Config option | Value | Note |
---|---|---|
API endpoint URL | http://localhost:8080/v1 | If the server is accessible from the web, you could use the public IP and port |
Model Name (for LLM) | llama-3-8b-chat | The first value specified in the --model-name option |
Model Name (for Text embedding) | nomic-embed | The second value specified in the --model-name option |
API key | Empty | Or any value if the app does not permit empty string |
The OpenAI Python library
You can install the official OpenAI Python library as follows.
pip install openai
When you create an OpenAI client using the library, you can pass in the API endpoint point as the base_url
.
import openai
client = openai.OpenAI(base_url="http://localhost:8080/v1", api_key="")

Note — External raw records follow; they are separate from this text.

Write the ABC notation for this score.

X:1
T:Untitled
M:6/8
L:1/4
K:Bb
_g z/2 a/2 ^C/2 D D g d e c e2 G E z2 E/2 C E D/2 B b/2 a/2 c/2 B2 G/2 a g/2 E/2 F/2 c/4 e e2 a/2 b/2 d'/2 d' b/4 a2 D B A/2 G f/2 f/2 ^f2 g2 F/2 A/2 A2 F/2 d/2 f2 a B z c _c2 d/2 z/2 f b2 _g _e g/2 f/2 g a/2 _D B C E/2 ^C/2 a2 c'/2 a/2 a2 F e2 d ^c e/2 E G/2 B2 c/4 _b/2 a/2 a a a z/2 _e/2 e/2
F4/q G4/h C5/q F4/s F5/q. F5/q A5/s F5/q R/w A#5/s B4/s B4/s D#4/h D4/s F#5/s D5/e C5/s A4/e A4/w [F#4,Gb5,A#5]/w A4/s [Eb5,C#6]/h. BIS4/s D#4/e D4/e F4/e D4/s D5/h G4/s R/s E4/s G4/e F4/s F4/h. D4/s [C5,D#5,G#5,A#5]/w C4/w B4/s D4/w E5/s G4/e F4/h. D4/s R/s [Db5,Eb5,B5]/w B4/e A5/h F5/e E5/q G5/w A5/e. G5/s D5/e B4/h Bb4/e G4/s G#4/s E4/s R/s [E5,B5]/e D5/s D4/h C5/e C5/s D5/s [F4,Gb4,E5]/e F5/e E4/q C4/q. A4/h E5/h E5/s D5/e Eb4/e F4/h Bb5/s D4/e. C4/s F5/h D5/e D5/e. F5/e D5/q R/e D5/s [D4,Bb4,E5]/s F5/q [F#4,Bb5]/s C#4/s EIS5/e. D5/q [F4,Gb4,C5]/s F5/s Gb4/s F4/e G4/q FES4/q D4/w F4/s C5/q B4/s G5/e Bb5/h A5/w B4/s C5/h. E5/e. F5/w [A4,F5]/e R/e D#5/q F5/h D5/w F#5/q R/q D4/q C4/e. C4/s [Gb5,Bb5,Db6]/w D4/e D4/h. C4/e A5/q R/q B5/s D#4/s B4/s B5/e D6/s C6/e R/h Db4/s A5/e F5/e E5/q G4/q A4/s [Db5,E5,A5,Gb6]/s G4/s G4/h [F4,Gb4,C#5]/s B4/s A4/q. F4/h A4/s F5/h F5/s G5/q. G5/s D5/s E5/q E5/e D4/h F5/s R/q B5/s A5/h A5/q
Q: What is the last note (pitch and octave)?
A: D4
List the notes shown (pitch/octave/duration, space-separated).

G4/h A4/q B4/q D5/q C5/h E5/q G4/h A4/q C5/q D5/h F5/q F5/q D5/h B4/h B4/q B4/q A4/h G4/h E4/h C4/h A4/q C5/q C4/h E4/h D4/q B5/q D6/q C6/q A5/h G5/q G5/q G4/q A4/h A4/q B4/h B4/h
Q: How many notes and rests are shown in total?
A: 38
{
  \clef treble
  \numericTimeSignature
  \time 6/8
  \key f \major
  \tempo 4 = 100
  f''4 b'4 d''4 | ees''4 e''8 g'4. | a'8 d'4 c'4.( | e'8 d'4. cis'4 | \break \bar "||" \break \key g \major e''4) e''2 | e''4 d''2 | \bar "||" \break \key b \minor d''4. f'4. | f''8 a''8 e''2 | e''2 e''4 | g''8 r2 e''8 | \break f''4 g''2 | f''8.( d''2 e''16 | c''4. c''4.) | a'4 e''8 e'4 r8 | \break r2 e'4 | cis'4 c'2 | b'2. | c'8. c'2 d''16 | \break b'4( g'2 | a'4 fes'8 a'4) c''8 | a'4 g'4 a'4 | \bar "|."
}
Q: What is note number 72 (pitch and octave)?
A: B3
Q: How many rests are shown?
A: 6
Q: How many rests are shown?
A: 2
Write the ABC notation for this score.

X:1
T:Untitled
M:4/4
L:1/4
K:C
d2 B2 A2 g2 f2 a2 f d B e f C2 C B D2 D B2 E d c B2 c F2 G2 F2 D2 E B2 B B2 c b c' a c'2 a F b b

Alternatively, you could set an environment variable at the OS level.
export OPENAI_API_BASE=http://localhost:8080/v1
Then, when you make API calls from the client
, make sure that the model
is set to the model name
available on your node.
response = client.chat.completions.create(
model="llama-3-8b-chat",
messages=[
{"role": "system", "content": "You are a strategic reasoner."},
{"role": "user", "content": "What is the purpose of life?"}
],
temperature=0.7,
max_tokens=500
]
)
That's it! You can now take any application built with the official OpenAI Python library and use your own LlamaEdge device as its backend!